PLC (programmable logic controller) –In early years, all actions—turning heaters on or off, processing an alarm condition, activating an exhaust blower to cool the unit, etc.—were accomplished using relays.
PLCs aren’t used in small lab ovens or even in many small industrial oven units where the operating logic is simple. The more complex the operating parameters the better the case can be for a PLC. Lights on the PLC can indicate the source of a malfunction for easier dianostics.
The PLC is a black-box that takes the place of all the relays. The box can be “programmed” with what is called “ladder logic.” On one side of the “ladder” (which essentially was what a PLC program schematic looked like) is a vertical line, representing the inputs. The line on the opposite side represents the outputs. The “rungs” in between the two were the transmitters between the two. You could set this up so that the number of inputs (power switch on, limits satisfied, etc.) had to be on before the “rung” would tell the output to be active. This output could allow the heaters to be energized or the blowers to come on at specific set points.
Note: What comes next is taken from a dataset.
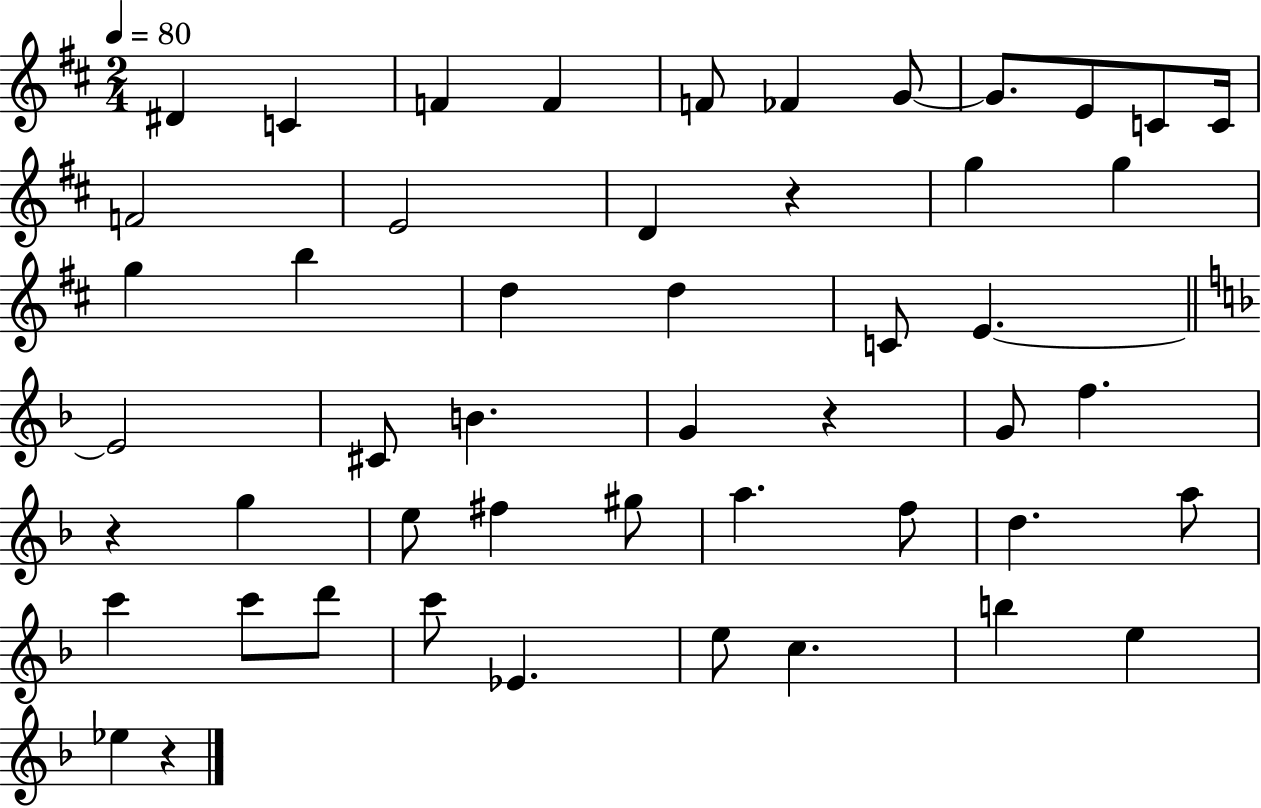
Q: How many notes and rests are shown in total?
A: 50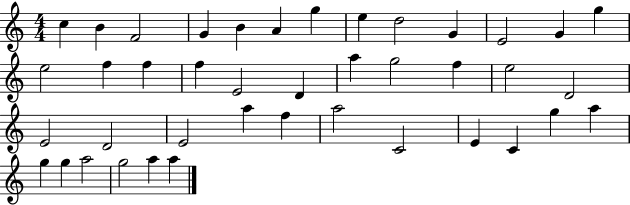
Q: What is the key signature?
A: C major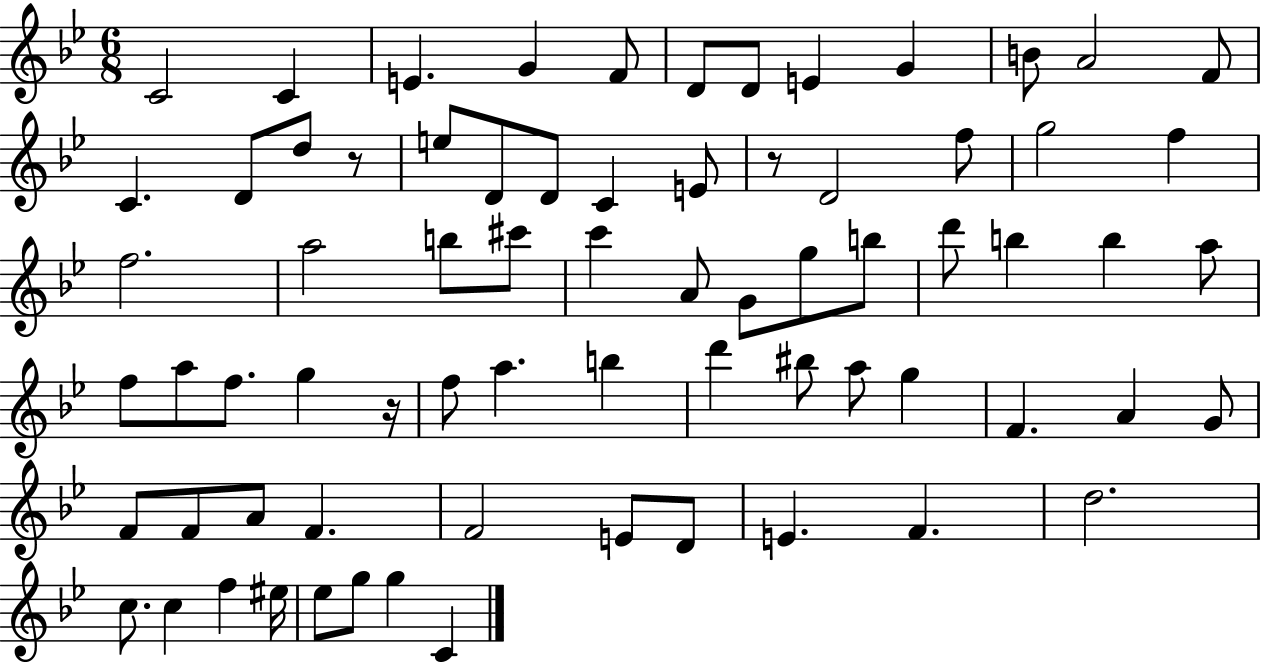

Gas or Electric –Lastly, let’s talk about whether a unit should be heated by gas or electricity. We will initially determine the expected power usage during an average operating day and use the local utility rates to compare costs. Another factor to consider is the size of the unit. On a smaller unit, electricity may be the way to go: this avoids a potentially more expensive gas system. Gas systems also will require more maintenance, another consideration.
On very large units, the cost of the gas system will pale in comparison to the very expensive components (relays, breakers, SCR’s wire sizes, etc.) needed to maintain sufficient electrical power.